What this task involves: Instruction for the entries that follow: retype exactly the lines from the line with "Sergey Kirov's funeral, December" to the line with "MH254V-12-20-1000-047 Pin Header", both included, and omit all others.

▬▬▬▬▬▬▬▬▬▬

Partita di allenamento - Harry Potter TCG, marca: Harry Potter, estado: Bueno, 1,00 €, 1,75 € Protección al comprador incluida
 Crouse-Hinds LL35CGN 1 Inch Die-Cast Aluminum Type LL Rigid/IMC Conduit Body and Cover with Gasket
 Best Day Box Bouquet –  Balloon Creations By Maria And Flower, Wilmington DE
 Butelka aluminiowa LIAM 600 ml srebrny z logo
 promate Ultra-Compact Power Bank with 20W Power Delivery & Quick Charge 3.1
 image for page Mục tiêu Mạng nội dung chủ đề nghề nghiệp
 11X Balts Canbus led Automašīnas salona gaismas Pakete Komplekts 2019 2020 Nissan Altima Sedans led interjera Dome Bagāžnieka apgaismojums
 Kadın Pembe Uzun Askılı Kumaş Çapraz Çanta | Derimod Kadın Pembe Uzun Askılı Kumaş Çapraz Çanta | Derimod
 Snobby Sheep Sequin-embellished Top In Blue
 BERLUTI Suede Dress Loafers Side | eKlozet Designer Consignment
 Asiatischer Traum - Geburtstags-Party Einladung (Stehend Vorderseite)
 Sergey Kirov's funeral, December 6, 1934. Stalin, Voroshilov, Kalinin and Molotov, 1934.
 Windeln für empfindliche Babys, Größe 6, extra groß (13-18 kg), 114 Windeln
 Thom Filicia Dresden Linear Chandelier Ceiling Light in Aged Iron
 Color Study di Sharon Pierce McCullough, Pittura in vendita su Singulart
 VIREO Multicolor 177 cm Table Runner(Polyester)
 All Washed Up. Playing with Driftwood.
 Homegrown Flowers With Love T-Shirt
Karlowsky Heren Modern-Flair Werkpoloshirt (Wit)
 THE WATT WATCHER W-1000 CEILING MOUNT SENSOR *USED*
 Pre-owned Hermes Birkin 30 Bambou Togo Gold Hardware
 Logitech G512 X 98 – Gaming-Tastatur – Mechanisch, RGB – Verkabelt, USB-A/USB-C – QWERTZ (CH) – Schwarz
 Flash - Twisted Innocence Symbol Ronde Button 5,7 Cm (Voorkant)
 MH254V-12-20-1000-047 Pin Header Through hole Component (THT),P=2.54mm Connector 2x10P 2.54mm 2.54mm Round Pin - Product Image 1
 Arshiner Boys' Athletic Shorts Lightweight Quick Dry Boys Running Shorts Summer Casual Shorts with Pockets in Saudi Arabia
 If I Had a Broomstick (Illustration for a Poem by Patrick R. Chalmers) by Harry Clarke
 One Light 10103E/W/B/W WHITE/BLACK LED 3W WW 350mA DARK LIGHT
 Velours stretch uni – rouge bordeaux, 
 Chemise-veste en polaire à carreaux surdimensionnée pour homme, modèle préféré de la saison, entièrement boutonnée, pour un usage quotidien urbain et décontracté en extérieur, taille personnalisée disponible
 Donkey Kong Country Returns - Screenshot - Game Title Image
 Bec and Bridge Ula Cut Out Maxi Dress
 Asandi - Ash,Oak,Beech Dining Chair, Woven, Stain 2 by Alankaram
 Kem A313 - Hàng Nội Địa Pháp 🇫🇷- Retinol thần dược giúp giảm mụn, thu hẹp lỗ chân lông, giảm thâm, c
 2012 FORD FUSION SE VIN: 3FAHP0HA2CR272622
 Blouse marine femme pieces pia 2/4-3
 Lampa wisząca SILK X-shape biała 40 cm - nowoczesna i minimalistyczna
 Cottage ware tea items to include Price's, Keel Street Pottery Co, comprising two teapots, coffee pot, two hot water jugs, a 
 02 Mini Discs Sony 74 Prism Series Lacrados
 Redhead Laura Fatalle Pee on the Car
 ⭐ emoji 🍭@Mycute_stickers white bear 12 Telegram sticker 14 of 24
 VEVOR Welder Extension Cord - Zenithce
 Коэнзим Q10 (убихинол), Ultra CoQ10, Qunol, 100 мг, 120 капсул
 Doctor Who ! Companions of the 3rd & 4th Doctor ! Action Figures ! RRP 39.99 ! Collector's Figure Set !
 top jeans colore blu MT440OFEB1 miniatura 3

▬▬▬▬▬▬▬▬▬▬

Reply:
 Sergey Kirov's funeral, December 6, 1934. Stalin, Voroshilov, Kalinin and Molotov, 1934.
 Windeln für empfindliche Babys, Größe 6, extra groß (13-18 kg), 114 Windeln
 Thom Filicia Dresden Linear Chandelier Ceiling Light in Aged Iron
 Color Study di Sharon Pierce McCullough, Pittura in vendita su Singulart
 VIREO Multicolor 177 cm Table Runner(Polyester)
 All Washed Up. Playing with Driftwood.
 Homegrown Flowers With Love T-Shirt
Karlowsky Heren Modern-Flair Werkpoloshirt (Wit)
 THE WATT WATCHER W-1000 CEILING MOUNT SENSOR *USED*
 Pre-owned Hermes Birkin 30 Bambou Togo Gold Hardware
 Logitech G512 X 98 – Gaming-Tastatur – Mechanisch, RGB – Verkabelt, USB-A/USB-C – QWERTZ (CH) – Schwarz
 Flash - Twisted Innocence Symbol Ronde Button 5,7 Cm (Voorkant)
 MH254V-12-20-1000-047 Pin Header Through hole Component (THT),P=2.54mm Connector 2x10P 2.54mm 2.54mm Round Pin - Product Image 1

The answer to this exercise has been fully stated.